We see Jonas (Rami Malek) at three different stages in this movie. In one, he's floating in a rowboat in the middle of the ocean. He's been there a while. In another, he's a mountain man who survives Montana winters by breaking into rich people's empty vacation homes and staying there for a while. He calls into radio stations ranting about "the inversion" and has been dubbed "Buster". And in the third, Jonas is the night concierge for a hotel in Montana, trying to save up enough money to buy some land where he, his wife Marty (Kate Lyn Sheil), and his daughter can live as they please. He gets tangled up with a drifter (DJ Qualls) who won't give him his name and insists he is the last free man and there is going to be universal inversion soon.
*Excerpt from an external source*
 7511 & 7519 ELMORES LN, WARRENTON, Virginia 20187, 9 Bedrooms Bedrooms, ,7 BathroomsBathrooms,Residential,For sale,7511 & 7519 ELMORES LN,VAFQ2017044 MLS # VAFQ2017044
For most of the movie, I was working under the assumption the issue here is the conflict between Jonas' desires. He wishes to live a life on his terms, where he isn't stuck working a job he hates that keeps him from spending time with his daughter. But his wife wants primarily to get out of her parents' house first, even if it means renting an apartment, which frustrates him. If he insists on things his way, he may lose his family, who he loves. Following the plan that best satisfies them may leave him trapped in a cycle he can't bear. I assumed his time as "Buster" was the end result. His tried to walk the tightrope, couldn't manage it, and here he is now, as close to the life he wanted as he can get.
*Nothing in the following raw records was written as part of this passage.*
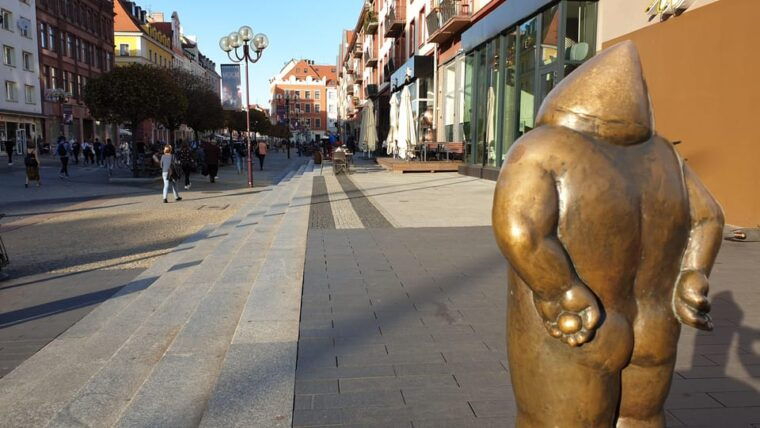 wroclaw-following-the-dwarfs-see-the-city-differently-2h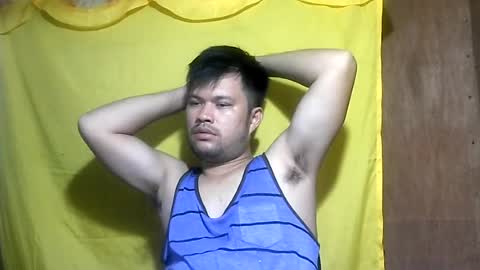 HottestPinoy32 online show from July 2026 06:02:02 AM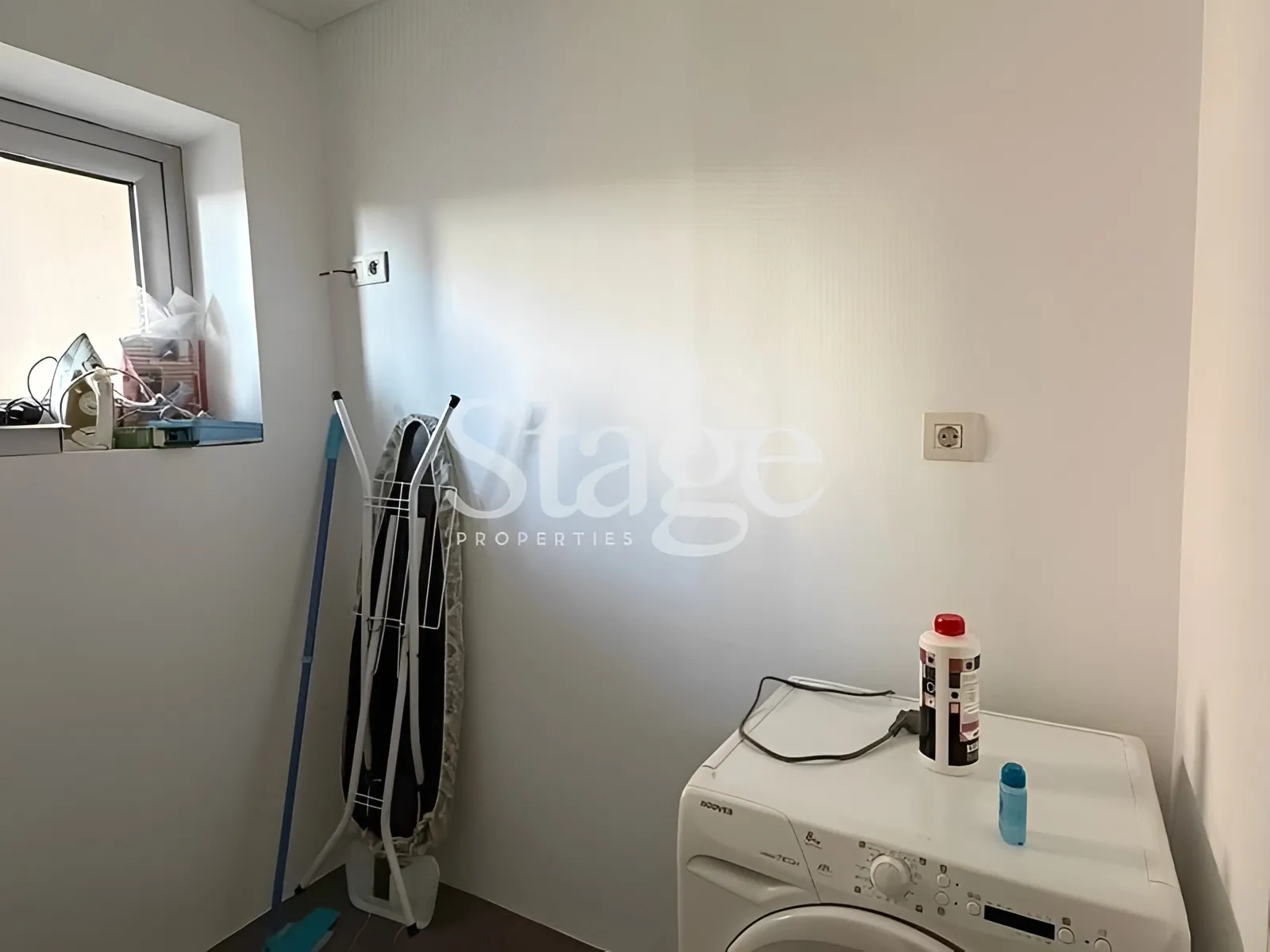 Apartment for rent in Achrafieh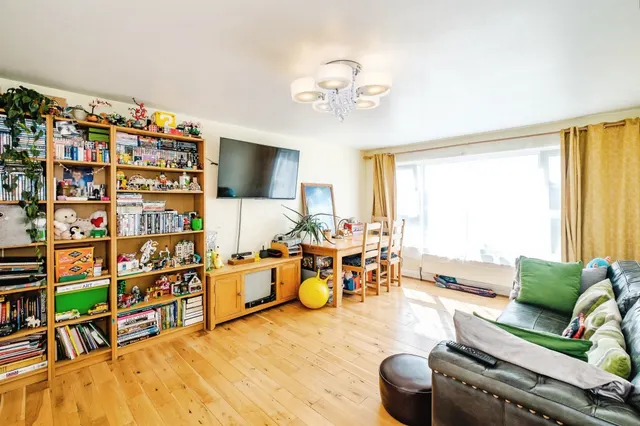 Timberleys, Littlehampton, BN17, photo 3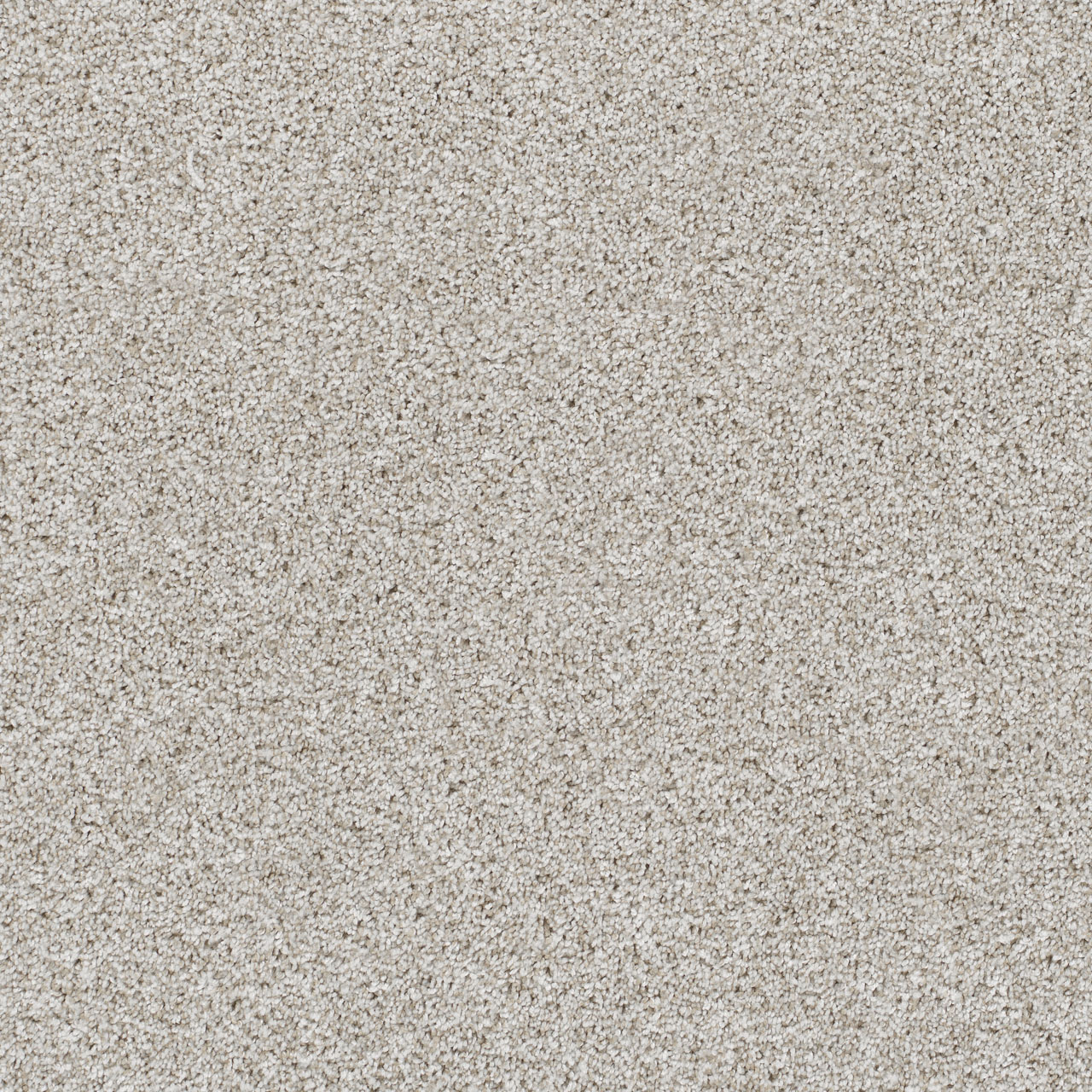 Reflections Iii | DreamWeaver Carpet Flooring | Engineered Floors
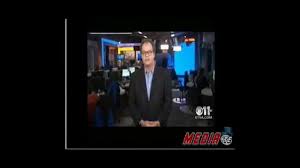 KTVA Issues Formal Apology for 'F*** it, I Quit' Reporter :: Grabien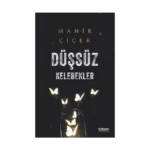 Düşsüz Kelebekler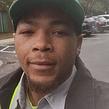 Hire trusted vendor Shaq's Landcare 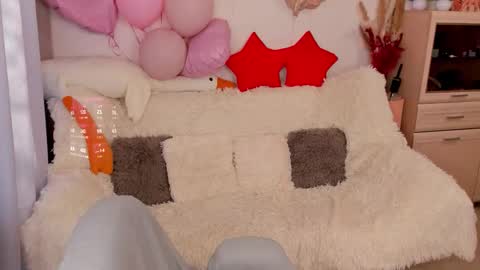 Lisa Moore online show from 02-18-26, 05:47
In that scenario, the ocean scenes are I guess a metaphor for how trapped and lost he feels. He can't find land, can't get out of this place he's stuck in, and God gives him just enough to keep him going, but not enough he can actually get any place.
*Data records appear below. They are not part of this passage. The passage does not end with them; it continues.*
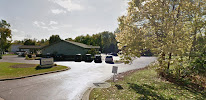 TRUE Community Credit Union 03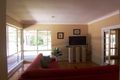 Property photo of 28 Marri Place Gelorup WA 6230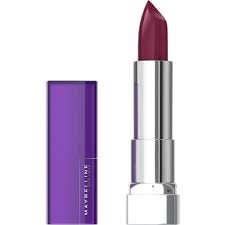 Color Sens Lipcolor Berry Go
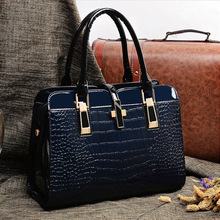 2022 new women handbag女包单肩包手提包 fashion bags lady bag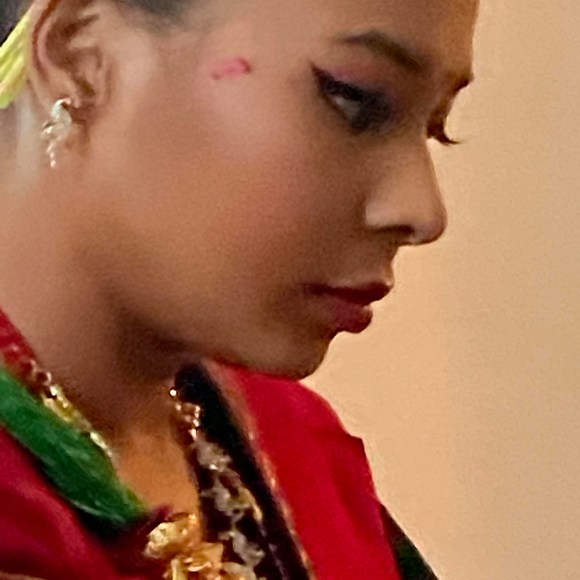 siturajbhandari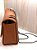 Kit bolsa feminina elegante - Imagem 3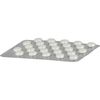 KLOSTERFRAU Allergin 5961218 Tablets Pack of 50
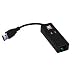 Electronics : Zoom V.92 USB Mini 3095 - Fax / modem - external - USB - 56 Kbps - V.90, V.92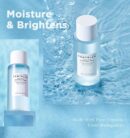 SKIN1004 Madagascar Centella Hyalu-Cica Brightening Toner 210ml - EmpressKorea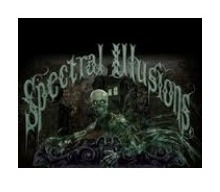 Spectral Illusions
Then the film reveals the inversion thing might actually have happened? No one can find any evidence the mysterious guy ever existed, Buster sees a report on TV of someone finding a message in a bottle from a "Jonas" who has been missing for years. The two meet one night while Buster is hiding in a cave from the authorities. In the end, it seems like he grasps that neither choice was the right one and finds an option that gives him the best of both worlds for a little while. Maybe.
Unusually for me, the sci-fi aspects made the film worse. Otherwise, it's pretty good. The scenes of Jonas working in the mostly empty hotel alone at night reminded me of The Shining a bit, you could see how it would start to wear on him. How he always, day or night, is so worn down. He drifts off or dozes, and sometimes that's when the movie jumps to Buster or the rowboat. Gives it a nice surreal quality.